• **THE TASK**:
Please reproduce the lines of the records below from the one holding "Nina online show from March 2026 02:09:02 PM" through the one holding "à Grenoble (38100)", inclusive, skipping all pictures.

• **LISTED ENTRIES**:
»»

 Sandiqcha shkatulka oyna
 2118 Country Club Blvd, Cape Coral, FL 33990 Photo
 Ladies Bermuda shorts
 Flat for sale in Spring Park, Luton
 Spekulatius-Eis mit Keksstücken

««
»»

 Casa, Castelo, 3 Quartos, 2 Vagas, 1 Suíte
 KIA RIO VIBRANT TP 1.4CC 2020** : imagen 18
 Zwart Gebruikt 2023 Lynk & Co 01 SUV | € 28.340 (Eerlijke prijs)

««
»»

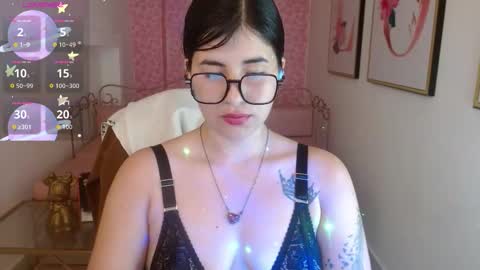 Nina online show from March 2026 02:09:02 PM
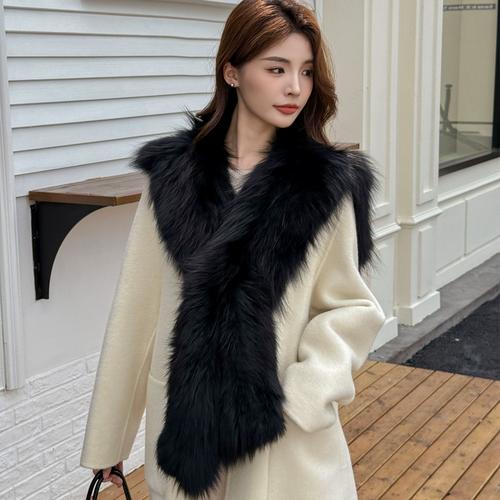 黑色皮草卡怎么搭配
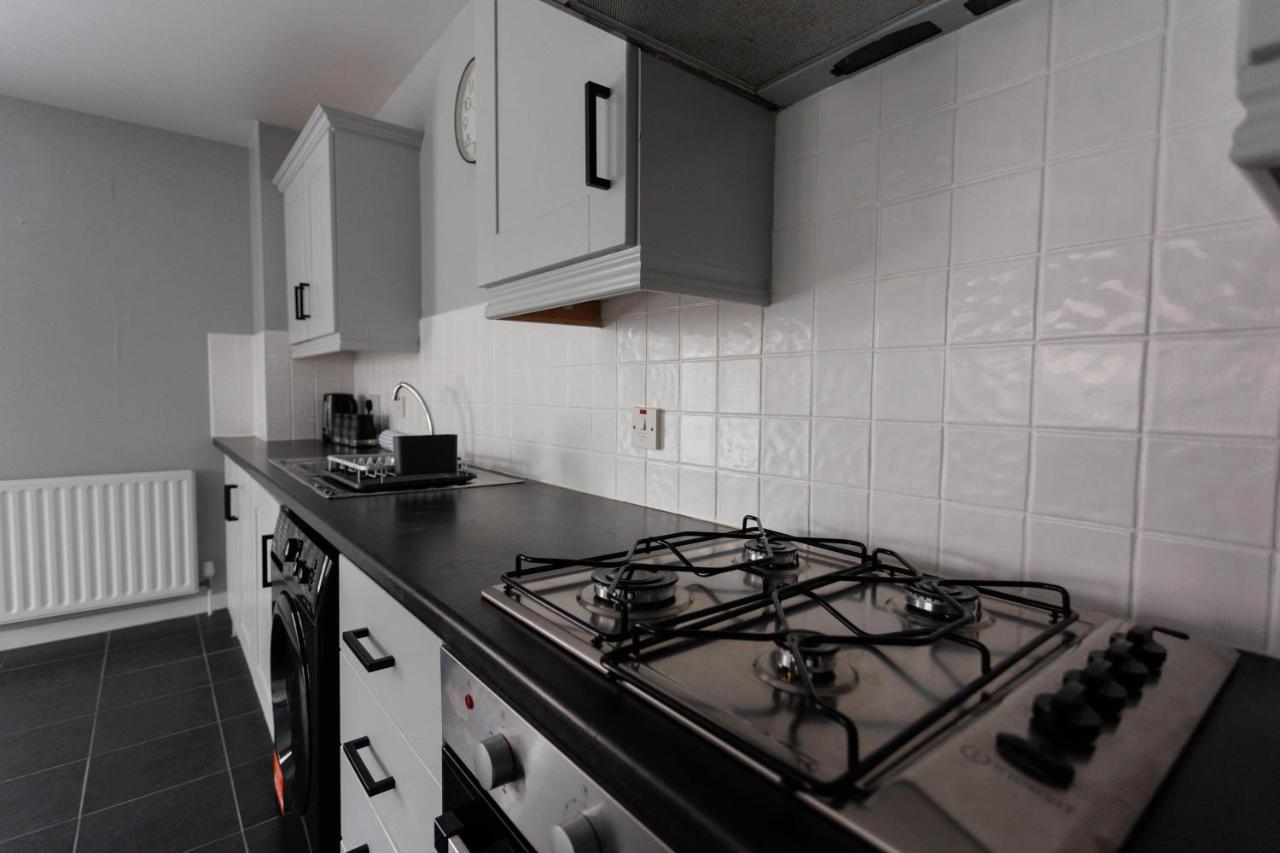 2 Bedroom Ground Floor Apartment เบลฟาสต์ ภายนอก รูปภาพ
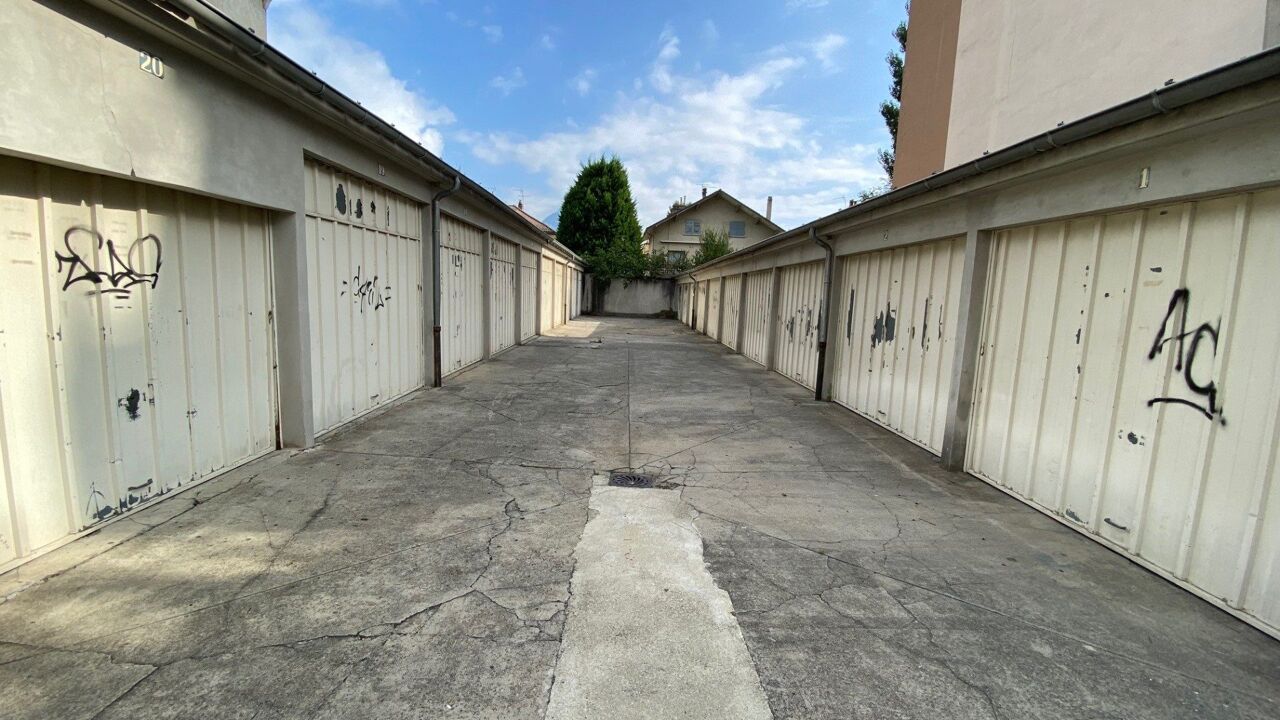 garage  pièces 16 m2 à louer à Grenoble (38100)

««

• **FINAL ANSWER**:
 Nina online show from March 2026 02:09:02 PM
 黑色皮草卡怎么搭配
 2 Bedroom Ground Floor Apartment เบลฟาสต์ ภายนอก รูปภาพ
 garage  pièces 16 m2 à louer à Grenoble (38100)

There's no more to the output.